TASK STATEMENT.
For the entries that follow, restate word for word the line containing "Ισραήλ: Οι IDF", the line containing "725 N Abalone Ct. Gilbert, AZ 85233 photo 5", and every line that lies between them.

DATASET EXTRACT.
=-=-=-=-=
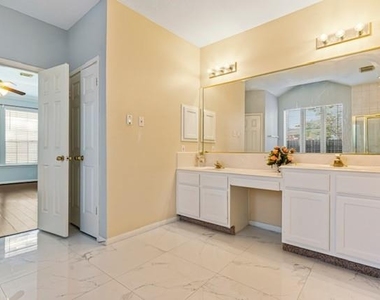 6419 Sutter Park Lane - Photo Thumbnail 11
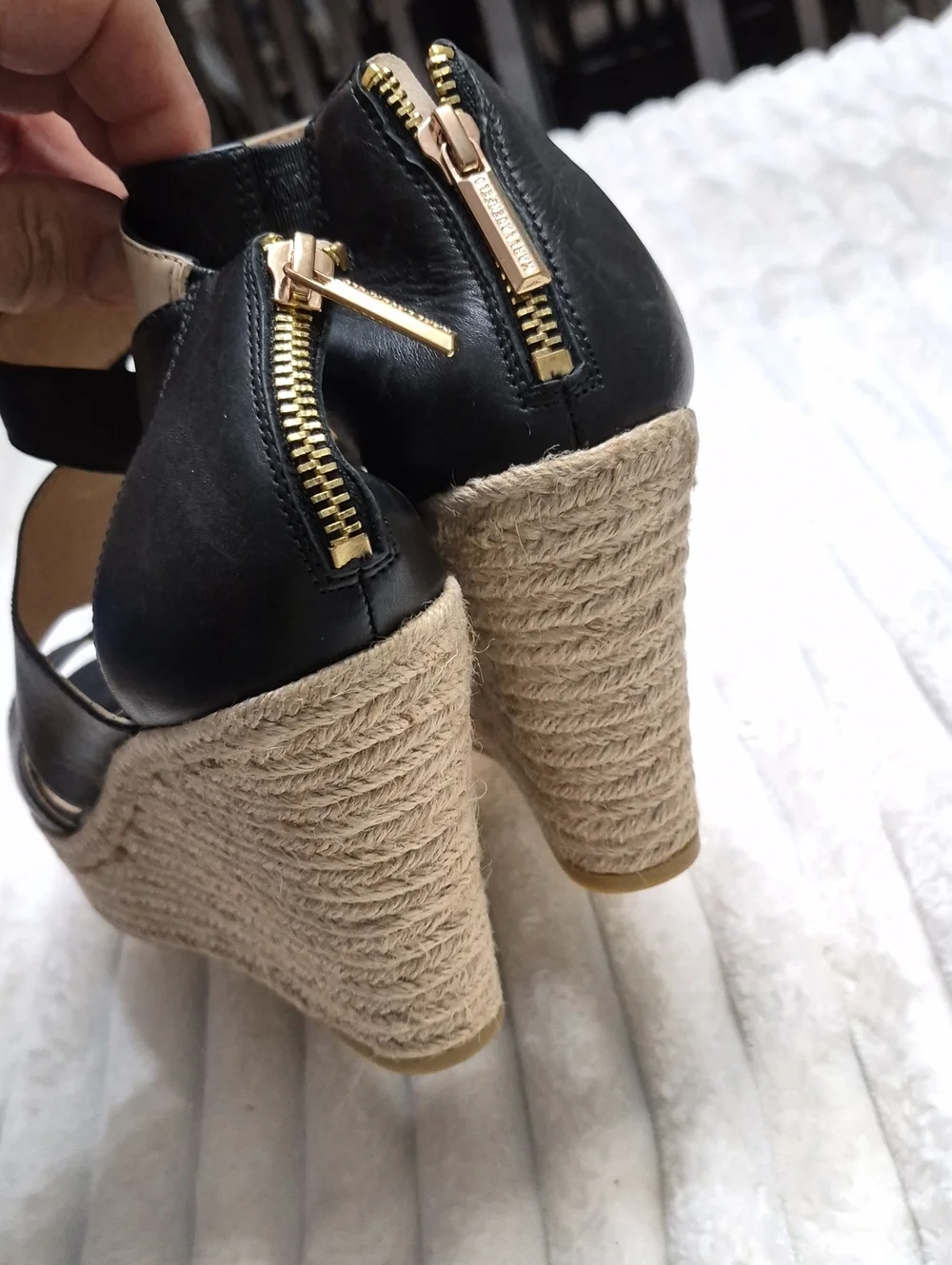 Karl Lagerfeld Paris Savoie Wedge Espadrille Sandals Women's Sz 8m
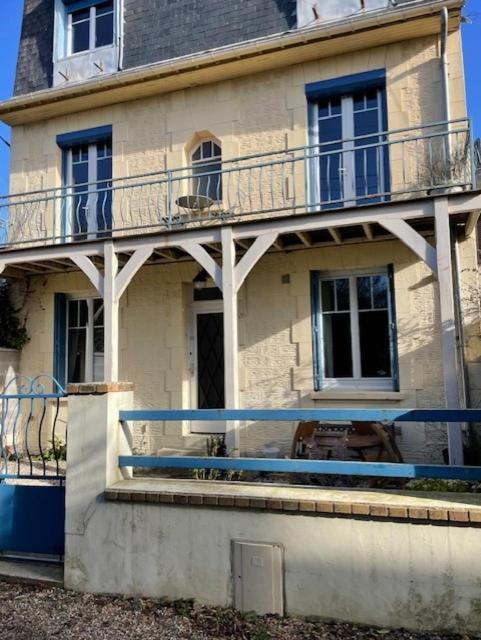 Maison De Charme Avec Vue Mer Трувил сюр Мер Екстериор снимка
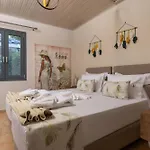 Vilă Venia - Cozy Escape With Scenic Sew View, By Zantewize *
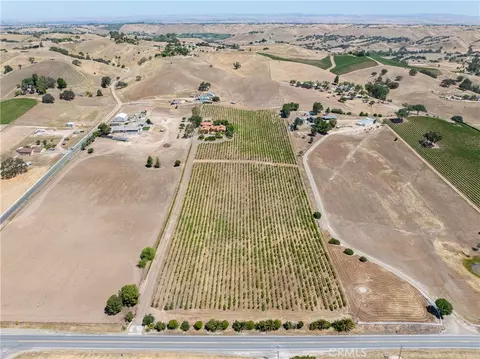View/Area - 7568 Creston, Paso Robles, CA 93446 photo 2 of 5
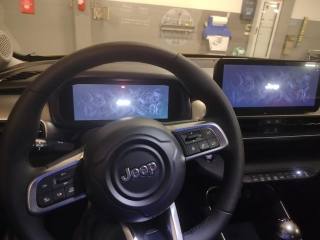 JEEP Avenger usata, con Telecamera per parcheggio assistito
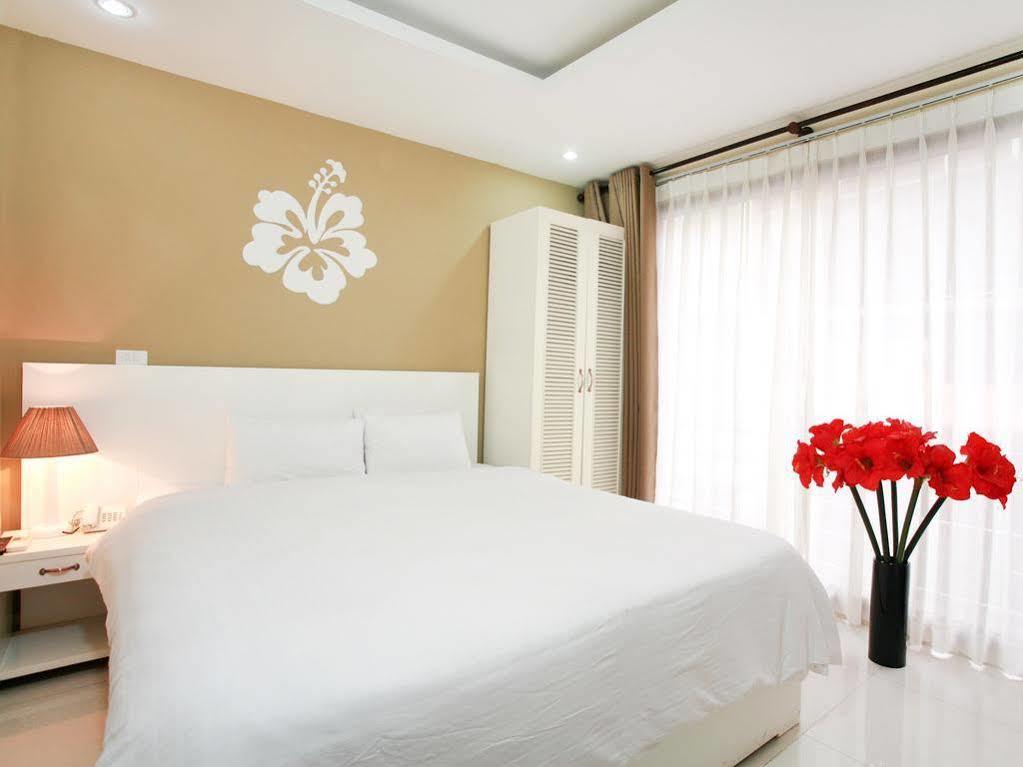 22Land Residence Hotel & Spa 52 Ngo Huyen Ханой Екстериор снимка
=-=-=-=-=
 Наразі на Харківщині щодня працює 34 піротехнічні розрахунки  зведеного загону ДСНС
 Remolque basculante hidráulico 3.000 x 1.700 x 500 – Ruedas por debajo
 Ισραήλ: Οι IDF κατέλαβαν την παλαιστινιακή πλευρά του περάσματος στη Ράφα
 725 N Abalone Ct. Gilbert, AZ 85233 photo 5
=-=-=-=-=
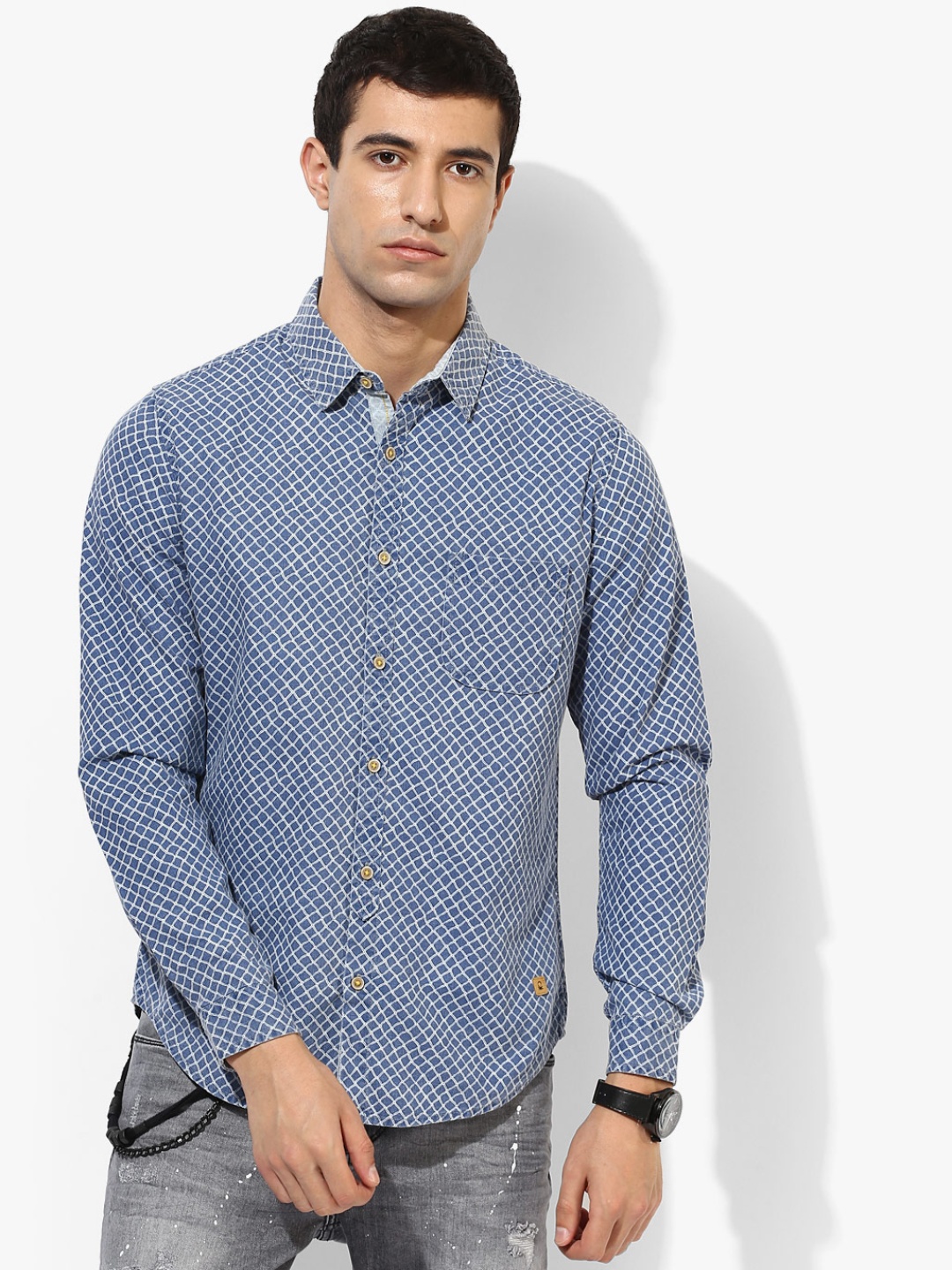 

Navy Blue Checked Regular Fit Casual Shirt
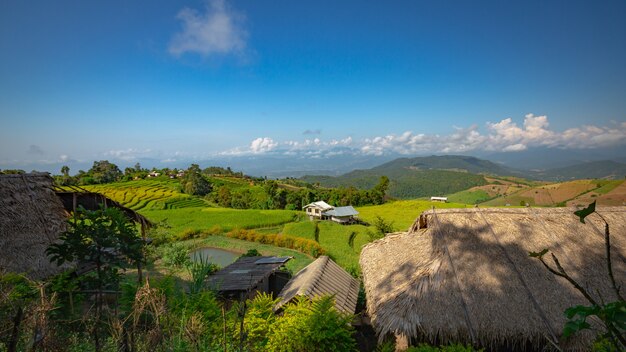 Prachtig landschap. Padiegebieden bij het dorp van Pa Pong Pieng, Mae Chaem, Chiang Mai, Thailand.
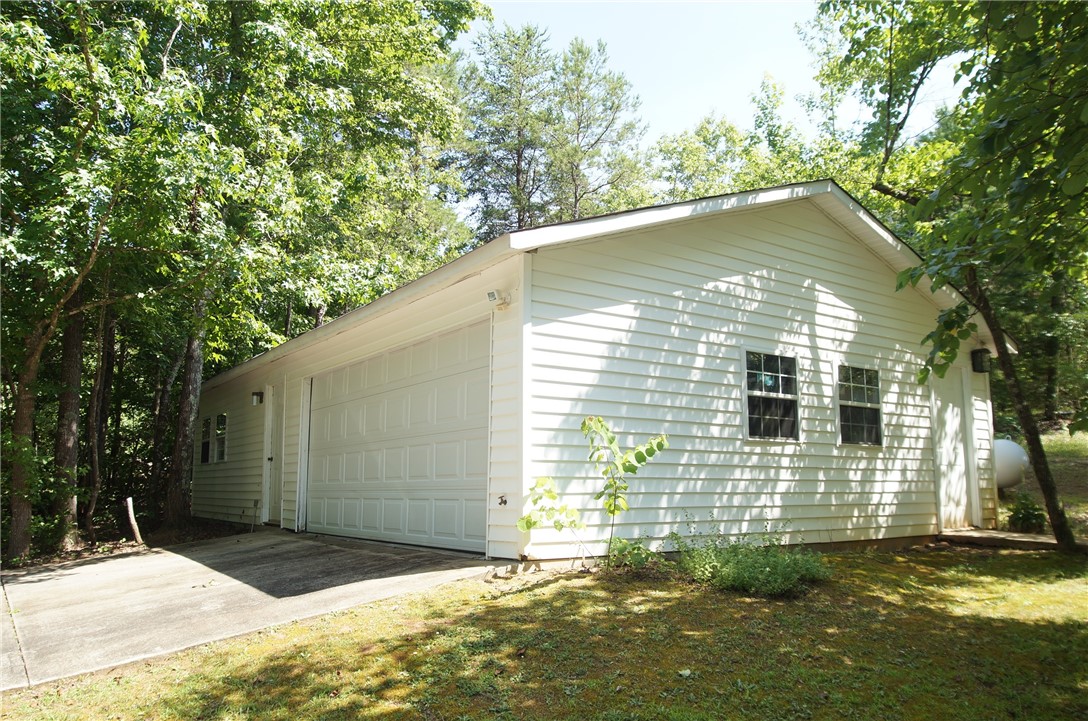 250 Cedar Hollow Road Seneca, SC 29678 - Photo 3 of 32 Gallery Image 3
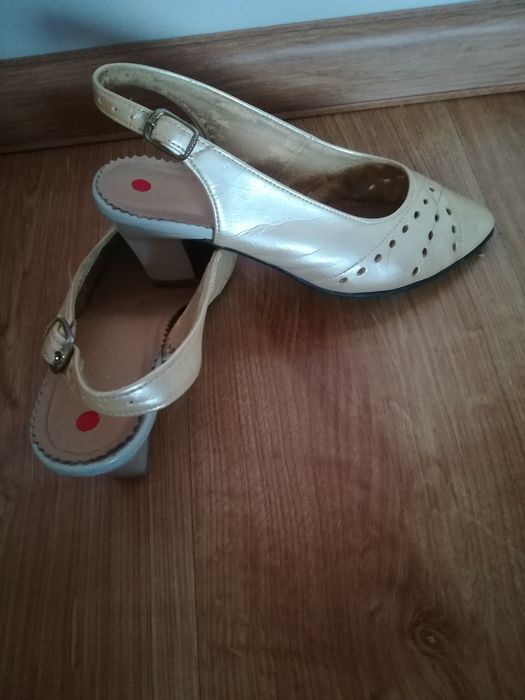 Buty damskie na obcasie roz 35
=-=-=-=-=
EXERCISE RESPONSE.
 Ισραήλ: Οι IDF κατέλαβαν την παλαιστινιακή πλευρά του περάσματος στη Ράφα
 725 N Abalone Ct. Gilbert, AZ 85233 photo 5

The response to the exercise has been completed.